Helping Your Loved One Deal with Losses

It’s good to keep in mind that your loved one may be feeling a tremendous sense of loss -- in so many areas. The process of aging means letting go bit by bit. It’s losing many things and being forced to accept the fact that a lot -- if not most -- will never be replaced. Yes, life is filled with losses, but we can experience loss more intensely in later life.

Here are three examples:

A tooth: If I’m 5 years old and my front tooth starts to wiggle, I can hardly wait to show everyone. This proves I’m on my way to getting rid of my baby teeth and getting “big kid” teeth. If I’m elderly, it’s bad news if my tooth begins to wiggle, if it aches, if my gums become inflamed. Where is it leading? To expensive and painful dental work? To dentures? To a change in my diet, to soft, boiled, mushy food? Maybe it would be best just to ignore it. Maybe the pain will go away.

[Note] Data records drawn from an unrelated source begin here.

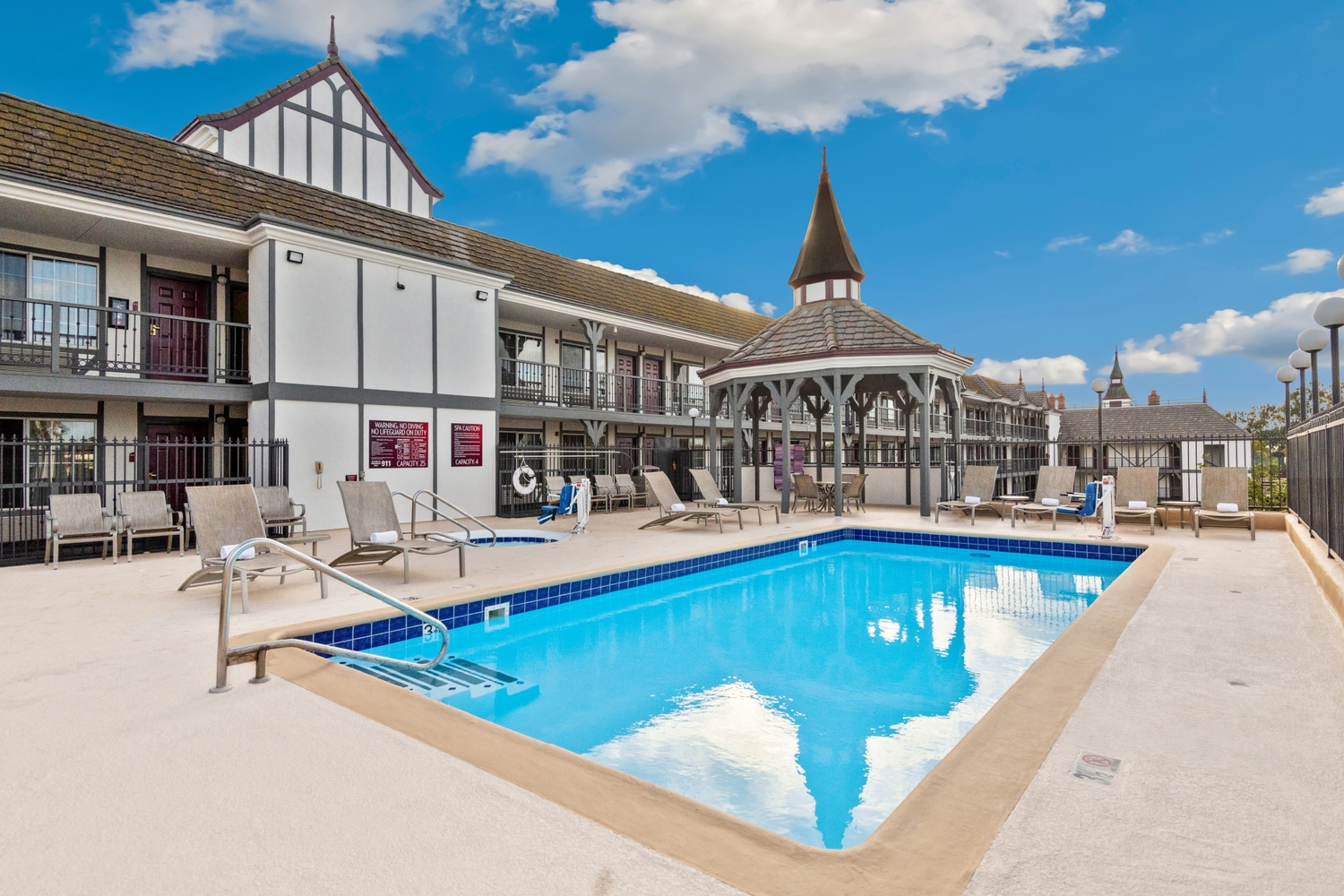 Camelot Inn & Suites — gallery preview 3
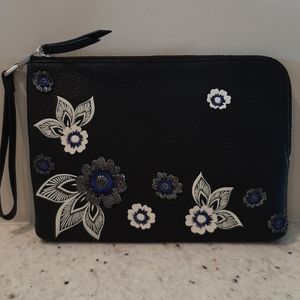 Large Vera Bradley wristlet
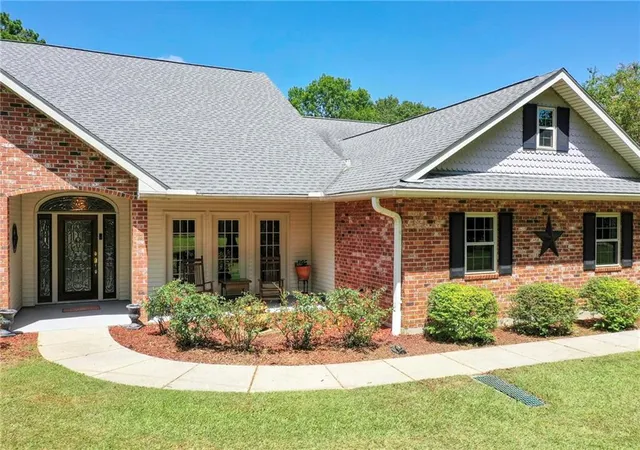 Photo 2 of Sale Pending at 102 Churchill Downs Dr, Bush, LA 70431 | MLS# 2571181 | Listing updated on 2026-09-03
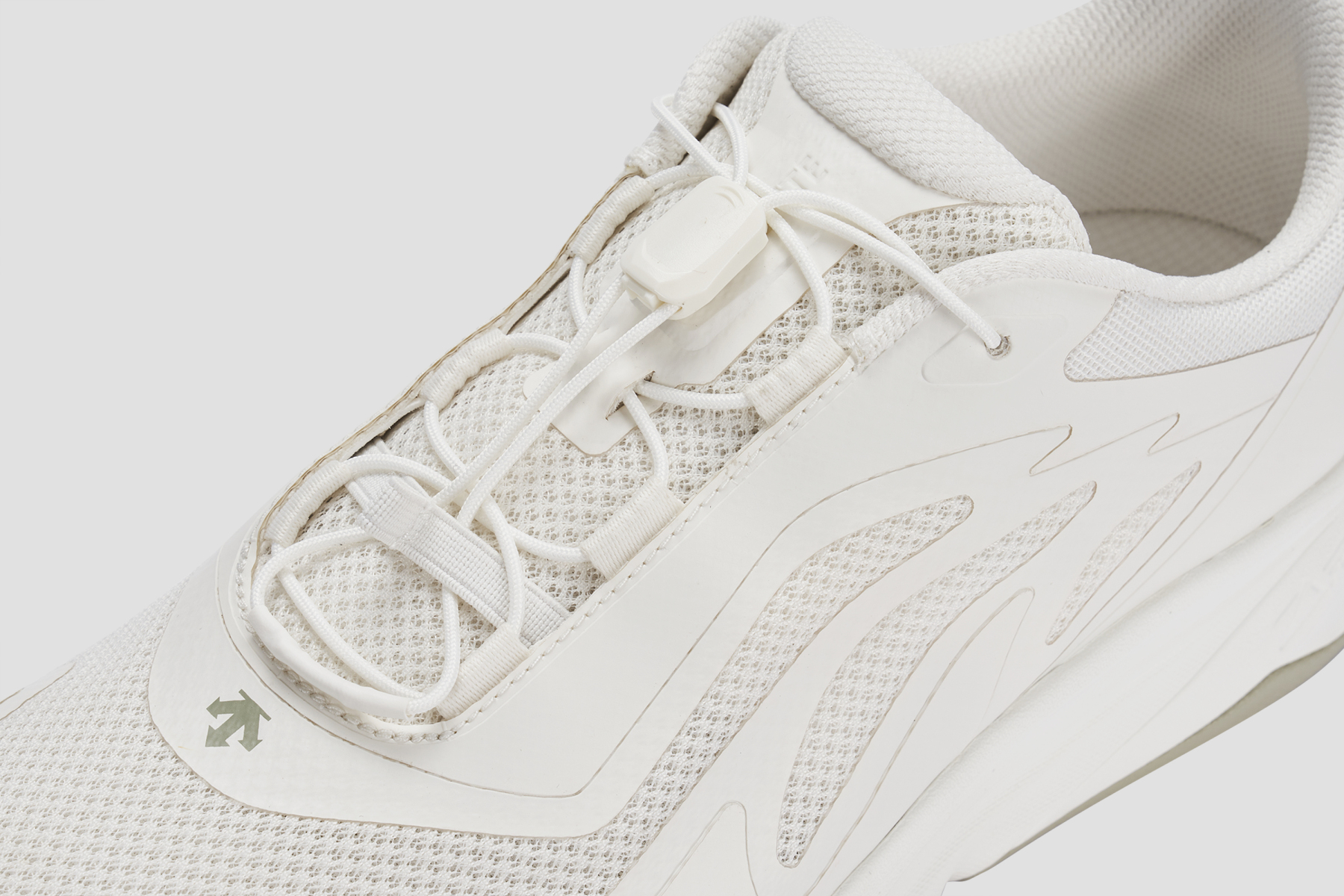 RUNNING Womens Lavitate WIire 2.0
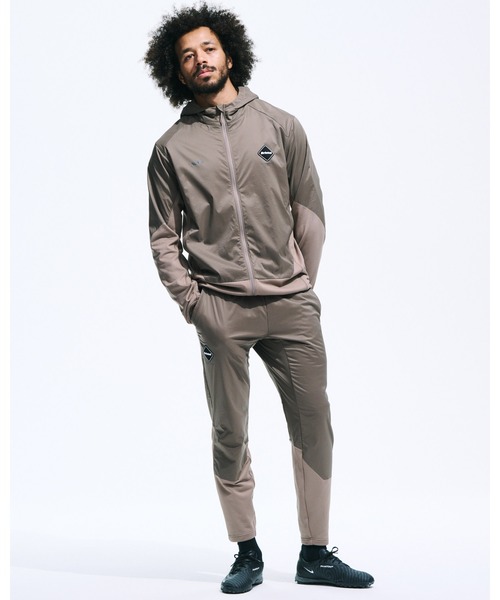 F.C.Real Bristol(エフシーレアルブリストル)の「GRID FLEECE HYBRID HOODIE(パーカー・メンズ・ベージュ/ブラック・SMALL/MEDIUM/LARGE/X-LARGE/XX-LARGE)」の3枚目の写真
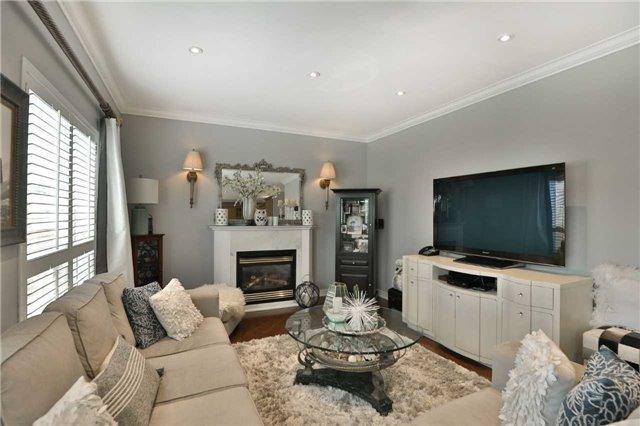3641 Jorie Cres, House detached with 4 bedrooms, 3 bathrooms and 2 parking in Mississauga ON | Image 7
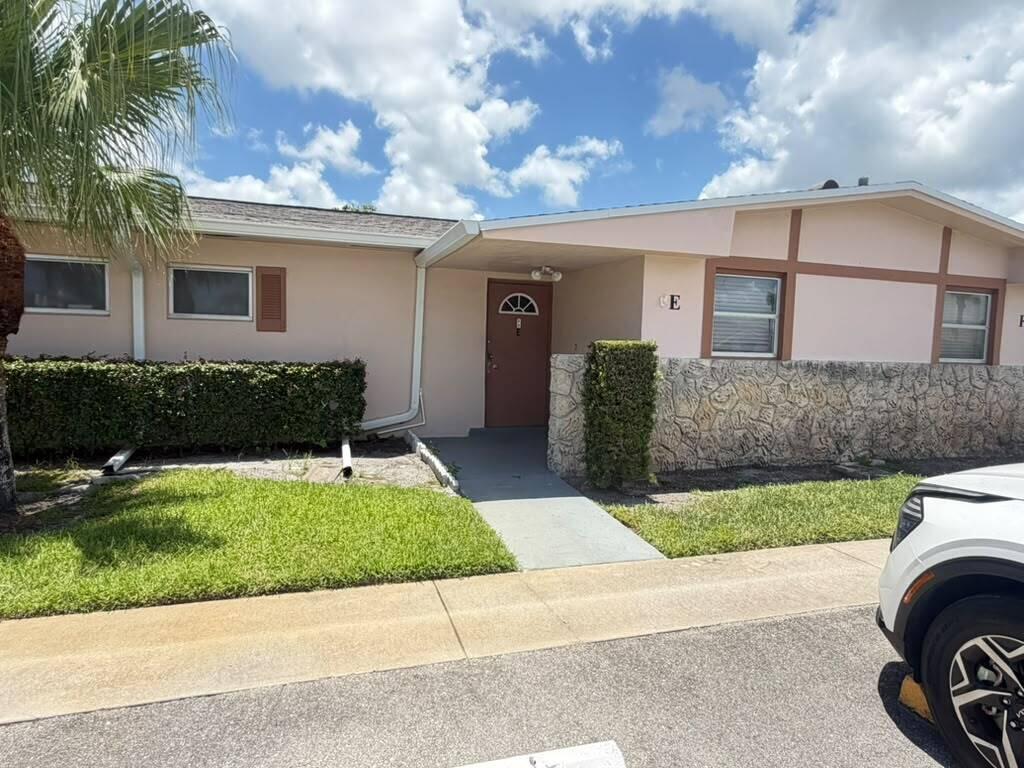 Photo of 2727 DUDLEY Drive W #E, West Palm Beach, FL 33415 (MLS # B26056660)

Avoid minimizing both what is gone
and the impact the loss has
on your loved one.


A set of keys: If I’m 25 and I lose my keys, I mutter and fuss and fume because I might be late for work. It’s a minor inconvenience. If I’m a senior and I misplace my keys, I can’t help worrying that I’m exhibiting an early stage of Alzheimer’s. Isn’t this how it starts?

A friend: If I’m 45 and I lose a friend it’s probably because one of us has moved away. I feel sad and miss spending time with him or her but we can still chat on the phone, send each other e-mails, and get together every few years. If I’m old and lose a friend, it well may be it’s because that person has died. That’s the end of our friendship. I have lost something that was irreplaceable. And it hurts so much.

As any human body ages, there are adjustments that have to be made. When I’m young and strong, I can go mountain climbing. As I get older, I have to limit myself to hiking. Then walks through the park. Then walks around the neighborhood. Finally, it may be that simply leaving the house takes more


energy and strength than I have. Step by step, I have told myself, “That’s all right. I can still . . .” But what now? What can I do if I can’t climb a flight of stairs? If I can’t cross a room by myself? If I can’t get out of bed?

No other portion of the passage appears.